The partition log is a queue with a different storage engine. The consumer group protocol is coordination over who reads from which queue. The replication protocol is copying queue state across machines.

When you read Kafka source after building DMS, you recognize everything. You see a more sophisticated version of something you already understand. That recognition — seeing the simple structure inside the complex system — is what separates engineers who understand distributed systems from engineers who just deploy them.

Inside the broker

The architecture is deliberately simple. That’s the point.

                    ┌─────────────────┐
  Client A ──TCP──► │                 │
  Client B ──TCP──► │  Server (main)  │──► spawns one thread per client
  Client C ──TCP──► │                 │
                    └────────┬────────┘
                             │
                    ┌────────▼────────┐
                    │ Queue Registry  │  (array of queue_t*, protected
                    │ registry_lock   │   by a global mutex)
                    └────────┬────────┘
                             │
              ┌──────────────┼──────────────┐
              ▼              ▼              ▼
        ┌──────────┐  ┌──────────┐  ┌──────────┐
        │ "orders" │  │ "events" │  │ "logs"   │
        │ mutex    │  │ mutex    │  │ mutex    │
        │ ring buf │  │ ring buf │  │ ring buf │
        └──────────┘  └──────────┘  └──────────┘

Each queue is a ring buffer — a fixed-size array with head and tail indices. Enqueueing copies the message into the slot at tail and advances the pointer. Dequeueing reads from head. Both O(1). The ring wraps with modular arithmetic. No linked list, no heap allocation per message.

Thread safety is where 90% of queue implementations break. DMS gives each queue its own mutex. Only one thread modifies the queue at a time. The condition variables handle coordination — a consumer on an empty queue sleeps until a producer signals it. A producer hitting a full queue gets an error immediately. No deadlocks. No spinning.

The decoupling is the real insight. Producer sends a message, gets confirmation, disconnects. Consumer connects later, requests a message, blocks until one arrives. They never coordinate directly. They never need to be online at the same time. The queue is the mediator.

This is why message queues transformed distributed systems — and once you see it working in code you read line by line, the abstraction clicks permanently.

The file structure

DMS/
├── protocol.h    383 lines  — Wire format, message types, I/O helpers
├── queue.h       483 lines  — Ring buffer, mutex, condition variables
├── server.c      942 lines  — Broker: registry, client handling, persistence
├── client.c                 — CLI: produce, consume, stress test
└── Makefile       50 lines  — Two targets, zero dependencies

No build system generator. No vendored libraries. No abstraction layers. The entire broker fits in your head.

Getting started

git clone https://github.com/devwail/DMS.git
cd DMS
make

GCC, C11, pthreads. No external dependencies. Two binaries.

./server -p 9999 -l 0 &
./client create -q test -p 9999
./client produce -q test -m "hello world" -p 9999
./client consume -q test -p 9999

You just created a named queue, pushed a message, and consumed it with acknowledgment. The broker handled framing, deserialization, synchronization, and delivery confirmation.
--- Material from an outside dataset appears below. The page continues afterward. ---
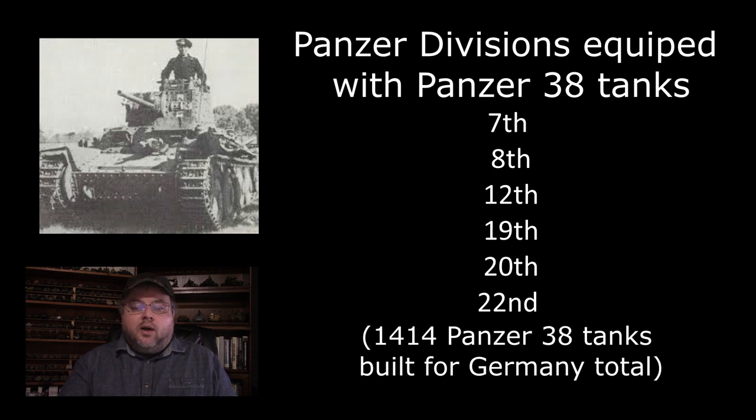By 1941, the Panzer 38 would be part of the Axis forces invading the Soviet Union, in service with the German 7th, 8th, 12th, 19th, 20th, and 22nd Panzer Divisions, as well as the Hungarian 1st Armored Division and the Slovak Fast Division. By 1942, it was becoming increasingly clear that the Panzer 38 was no longer fit for frontline use as a battle tank, and it started to be replaced by more powerful vehicles, with Panzer 38 production being repurposed to construct the variety of self-propelled guns and other support vehicles already discussed.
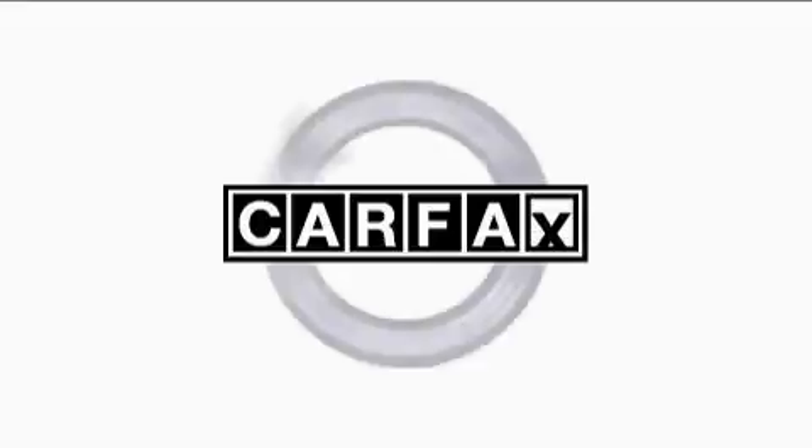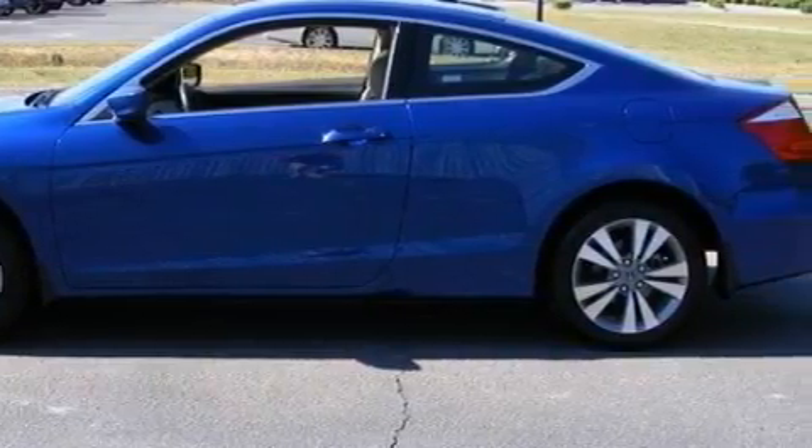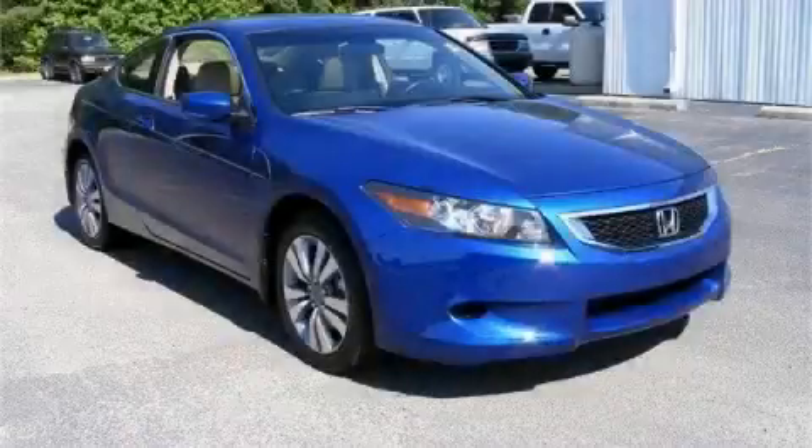This Honda has had only one owner and it qualifies for the Carfax Buyback Guarantee. Please call today to reserve this vehicle for a test drive.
Now read the code. Start with queue_enqueue in queue.h — 20 lines of real logic. Then the recv/send helpers in protocol.h — see how they handle partial TCP reads and network byte order. Then server.c — one thread per client, dispatching by message type. The whole system, readable in one sitting.

Forty-five minutes to build. Forty-five minutes to read. Ninety minutes total.

Systems knowledge compounds. Every queue you understand makes the next distributed system easier. Every mutex you’ve written makes the next concurrency bug faster to find. You get that from reading code and building systems — not from documentation. DMS is on GitHub.